>
Kelimlerin yetersiz kaldığı, ne diyeceğini, nereye gideceğini, elini nereye koyamayacağını bilemediğin anlar..Yolların uzadığı 10 dakikalık yolun 10 saat olduğu, 2 saatlik yolun 2 yıl gibi geçtiği anlar. Gidip bulamayacağını bildiğin, bir daha göremeyeceğini bilip de buna başkaldırmaya çalıştığın, yakınlarına ne diyeceğinin kafanda sürekli provasını yapıp o anda kilitlendiğin anlar..ÖLÜM.
Sen nasıl birşeysin ey ölüm, bu kadar mı ezer geçersin?
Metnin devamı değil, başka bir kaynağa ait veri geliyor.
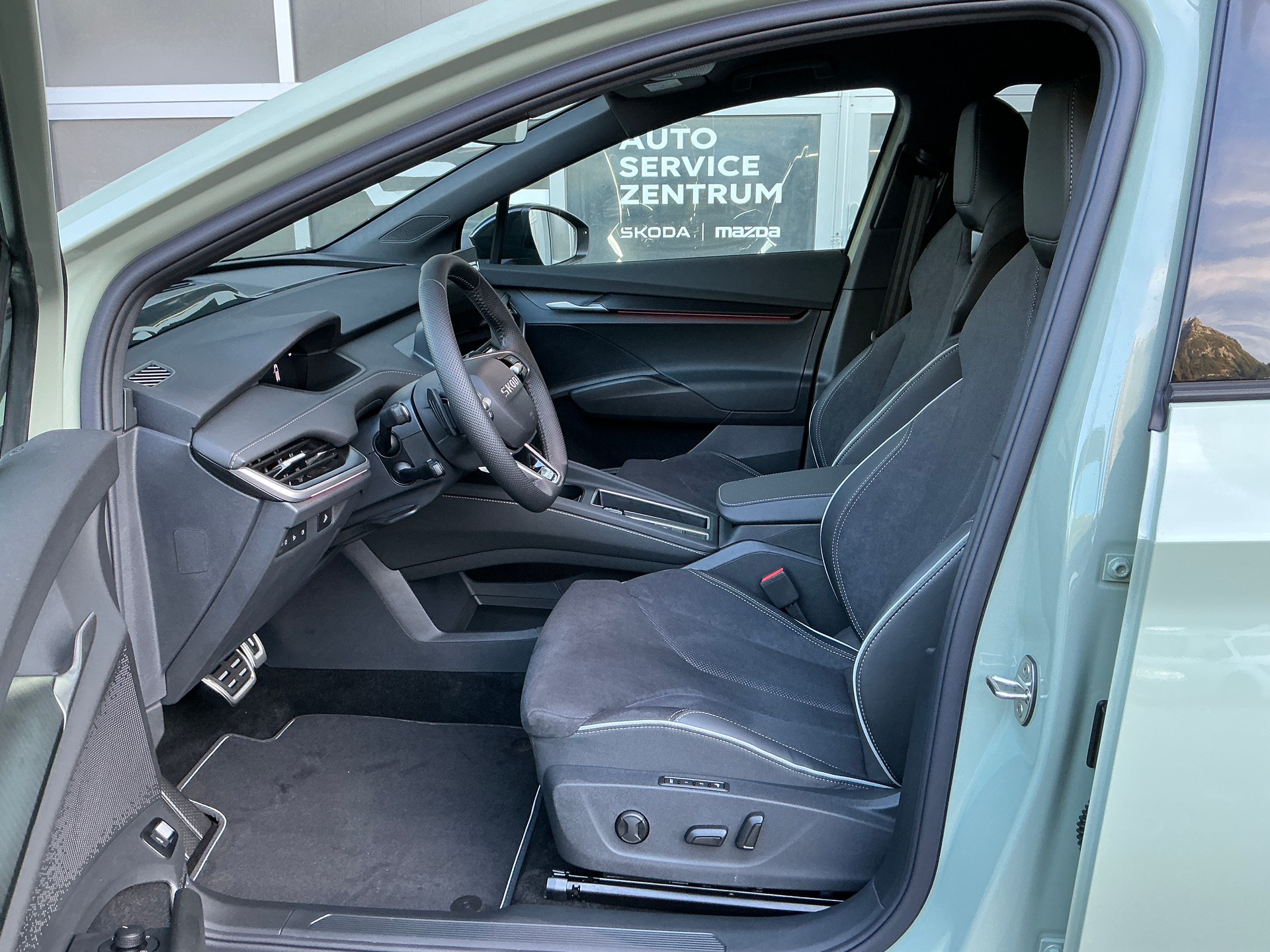 SKODA Elroq 85 SportLine 4x4-image-10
Akşam hangi filme gidelim diye düşünüyordum, o arada da eşimden telefon bekliyordum. Eğitimi bitince kaçta bulaşacağız diye arayacaktı. Saat 15:00 de arayınca erken bittiğini ve buluşmamızı öne alacağımızı düşündüm. Telefonda sesi kötüydü, Volkan dedi…Volkan trafik kazası geçirmiş..Eee hangi hastanede gidelim diyecem, ona yakışan ancak tek tük kırık…Eğitimi yarıda kestim dedi, niye ki? Volkan ölmüş. Volkan, bizim Volkan, eğitim odasında dedikodularımızla kahkahalara boğulduğumuz, gençlik anılarımızı anlatıp eğlendiğimiz, kızlarımızın gösterilerini beraber alkışladığımız bizim Volkan, 37 yaşındaki Volkan….Yok ya şaka bu, kalkınca sabah kahvaltıda anlatacağım bir rüya…Volkan’ı ölmüş gördüm rüyamda hay allah… ömrü uzamış..diyeceğim kötü bir rüya olmalı bu.
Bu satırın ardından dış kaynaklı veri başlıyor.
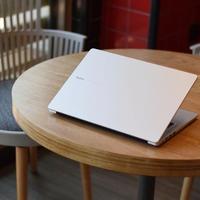 RedmiBook笔记本电脑外观展示(机身|外壳|屏幕|尺寸|键盘)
Ama Bolu’ya doğru giderken yolda hiç de rüya olmadığını anladım. Kalbim sıkışıyordu, çalan telefonlar, doğru mu diye arayanlar, sessiz çığlıklar atıyordum içimden. Gerede’ye gelince iyice yaklaştık Volkan’a, dar geldi o yollar, nefret ettim Gerede’den.
Sonra Volkan önde, biz arkada döndük, Acıbadem morguna. Nasıl hikaye? Mercedesle giden Volkan ambulansla döndü.
Kul kurar kader yıkarmış, ne hayaller kuruyordu kim bilir…
Nur içinde yat arkadaşım.
>üffff yaaaa…. ne denir ki… :(
>Allah rahmet eylesin, mekanı cennet olsun.